SQL was designed to query dimensional data structures, called tables, where data are organized in rows and columns. In OLAP, data are organized around multiple measures, dimensions, hierarchies, and levels.

Similar to the way tables and columns are central to SQL, dimensions, hierarchies, and levels, are the centerpieces of MDX. They are mapping business models into language-specific concepts (e.g. a list of countries will be mapped as an MDX dimension). Measures in MDX are a special case of dimensions and they hold numeric values. The concrete value of a dimension (e.g. Paris) is a member of the dimension and is similar to the value of an SQL table.

An OLAP Cube is a collection of dimensions indexing a list of measures. E.g. geometrical cube can have three dimensions, whereas an logistical cube can have many more dimensions.


More information:

http://en.wikipedia.org/wiki/MultiDimensional_eXpressions

http://en.wikipedia.org/wiki/OLAP_cube

Mondrian

Mondrian is an open source OLAP server, written in Java. It supports the MDX query language and the XML for analysis and olap4j interface specifications.
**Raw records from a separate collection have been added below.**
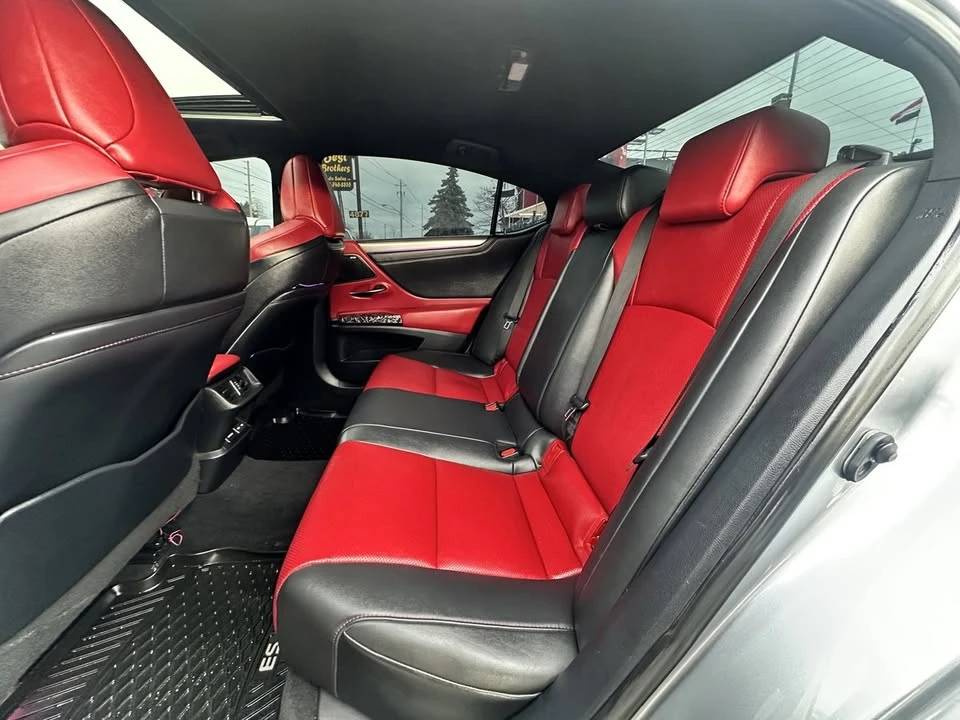 2022 Lexus ES 7th Gen - Image 7 of 14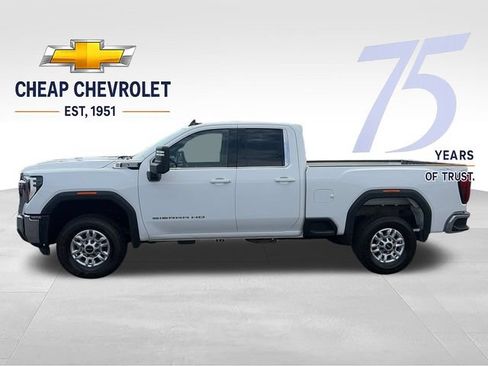 Used 2024 GMC Sierra 2500 SLE w/ SLE Convenience Package AWD/4WD image 2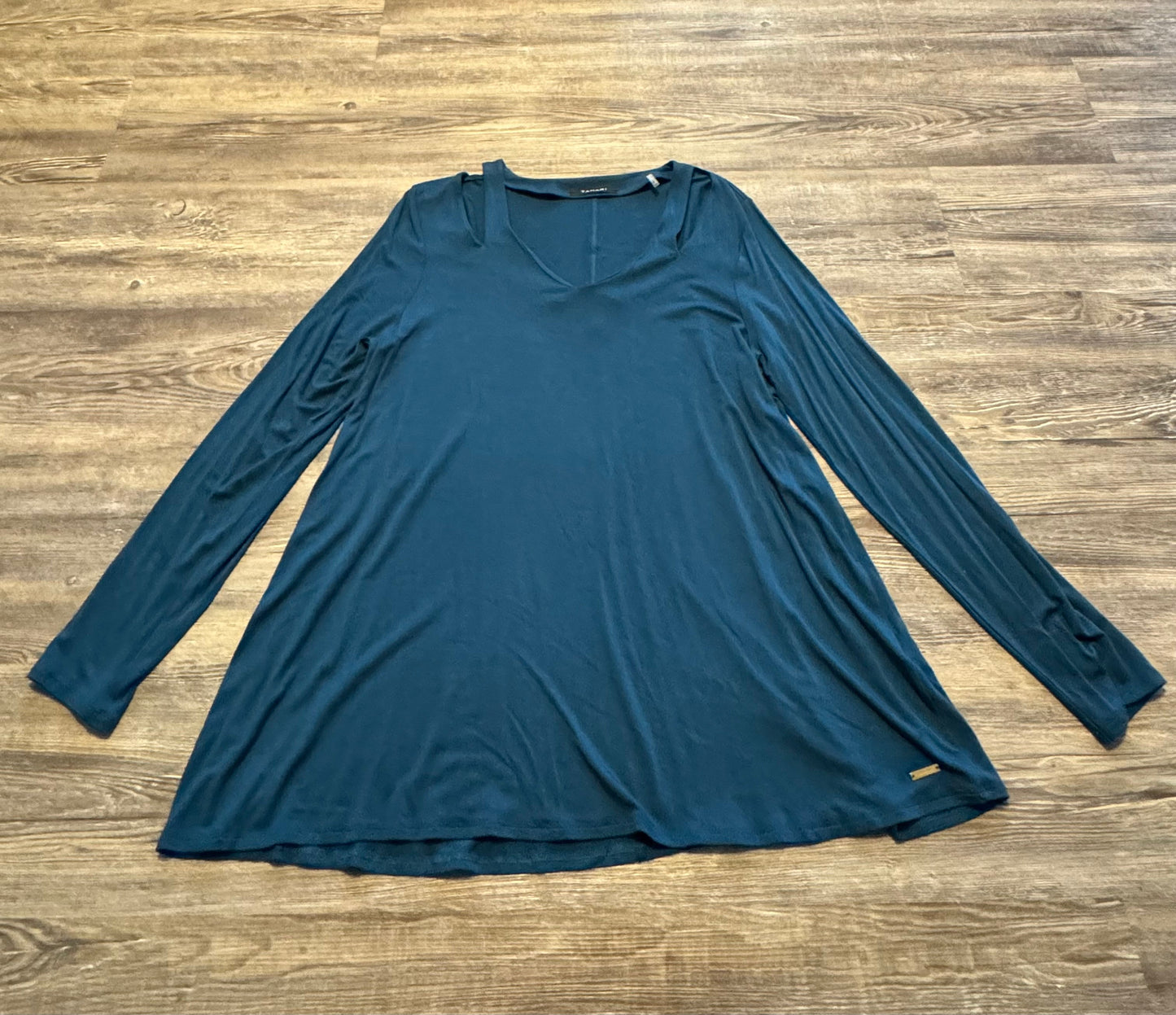 Top Long Sleeve By Tahari By Arthur Levine  Size: M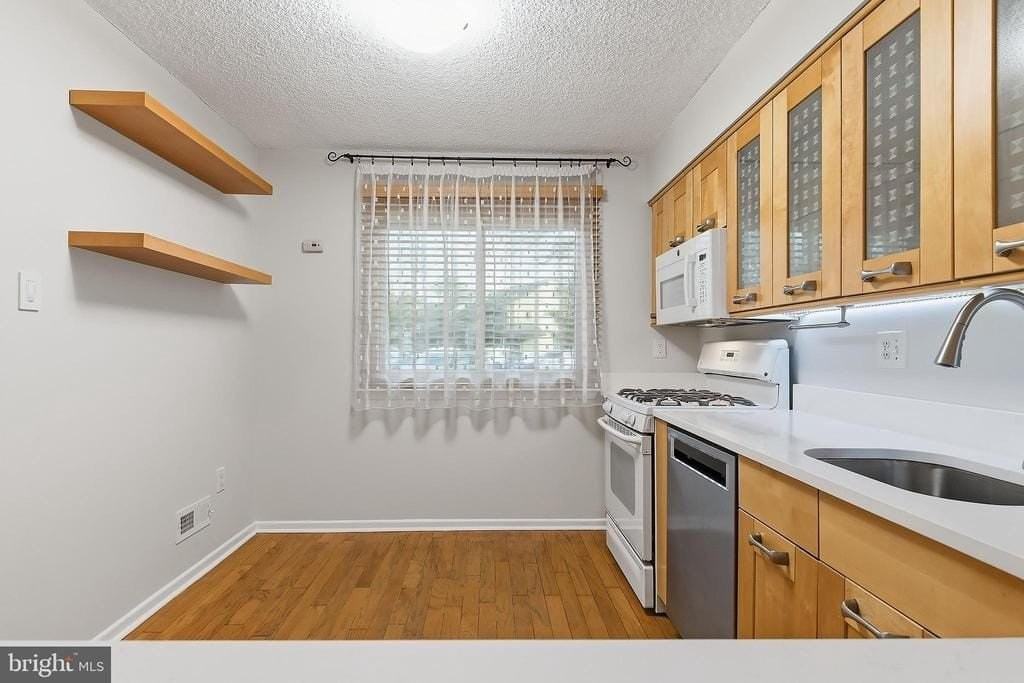 60 Hampshire Dr - Photo 7 of 46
It reads from SQL and other data sources and aggregates data in a memory cache.

Mondrian is used for:

  • High performance, interactive analysis of large or small volumes of information
  • Dimensional exploration of data, for example analyzing sales by product line, by region, by time period
  • Parsing the MDX language into SQL to retrieve answers to dimensional queries
  • High-speed queries through the use of aggregate tables in the RDBMS(Relational DataBase Management System)
  • Advanced calculations using the calculation expressions of the MDX language

Schema

A schema defines a multi-dimensional database. It contains a logical model, consisting of cubes, hierarchies, and members, and a mapping of this model onto a physical model.

The logical model consists of the constructs used to write queries in MDX language: cubes, dimensions, hierarchies, levels, and members.

The physical model is the source of the data which is presented through the logical model. It is typically a star schema, which is a set of tables in a relational database.

Schema file

The schema file defines the dimensions and measures for the cube and maps them to the DB tables. The product and location dimensions contain several levels each. Each level defines its corresponding field in the DB table. The different values of the field become members of the level.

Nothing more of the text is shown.